I have a few of the older MIJ's about but my DF-2 and my PF-1r are as "rare" as I go, presently.

I would welcome and appreciate any thoughts on this subject. Thanks


----------



## zurn (Oct 21, 2009)

I would love to get my hands on a Boss VB-2 (vibrato) , they normaly go for around 400$ on Ebay! I bought the Behringer UV300 and I love it, it's supposed to be a clone and it's 30$


----------



## jimihendrix (Jun 27, 2009)

Would ya settle for one of these instead...???...a [FONT=Verdana, Arial, Helvetica, sans-serif]Boss PN/2 Tremolo/Pan...[/FONT]the price tag reads $189...but the ad reads $225...

Capsule Music


----------



## The_Penguin (Feb 26, 2012)

Iceman said:


> Hello all. I am hoping to get your experiences and likes/dislikes that any may have with Boss pedals, the more uncommon the better.
> 
> I would welcome and appreciate any thoughts on this subject. Thanks


I have a 1978 ish Boss DS-1 One of the originals Made in Japan, silver screw yadda yadda, still sounds as horrid now as it did in '78 

My 70's Chorus CE-1 still sounds sweet. I can't believe what they go for on Ebay. Tempting, but I'll keep it.


----------



## k tone (Oct 7, 2008)

I bought a CE-2 and HM-2 back in the day that I still have and I recently acquired a DSD-2 ($60) and an FZ-2 ($50). I like em all and am always scouring Kijiji for vintagey Boss stuff. When I was coming up as a guitar player Boss, MXR and Ibanez was about all you could get in the small town I lived in. I am currently assembling a small all Boss board for a grab and go jam board to go wth the 5F1 Champ I just built.


----------



## NB_Terry (Feb 2, 2006)

If you haven't already, check out this site.

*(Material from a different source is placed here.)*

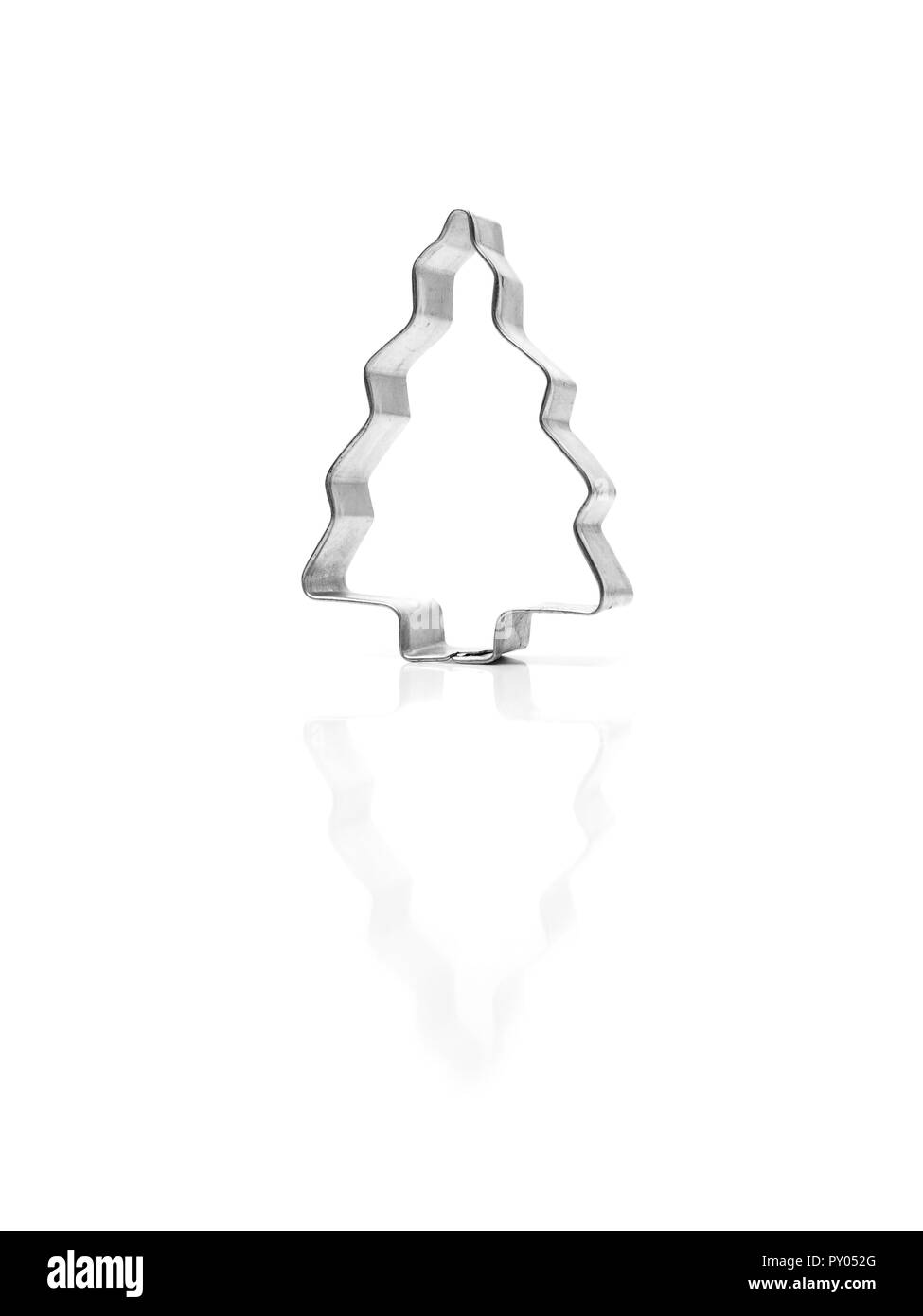 Tree shaped baking tin with reflections on a white background, puristic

http://www.bossarea.com/default.asp


----------



## hollowbody (Jan 15, 2008)

I've had a Boss CE-2, DC-2, DM-2, DM-3 and OD-1. None are as rare as the Vibrato or Slow Gear, but they're not super common either. I loved every single one. They all were fantastic pedals, though I don't have any of them anymore. 

I wish I had kept the Dimension Chorus, that one was REALLY special. The DM-2 and 3 were also fantastic analog delays that I would love to own again.


----------



## mhammer (Nov 30, 2007)

I only have a few older Boss effects: a DF-2, HM-2, ROD-10, and RPH-10. The latter two are "micro-rack" table-top effects, rather than stompboxes. I have a Behringer Acoustic Modeller, which is their clone of the AC-2. I've built myself clones of the CE-2 and OD-1, and tried out the DC-2 and CE-1 for lengthy periods, as well as the behringer clone of the VB-2.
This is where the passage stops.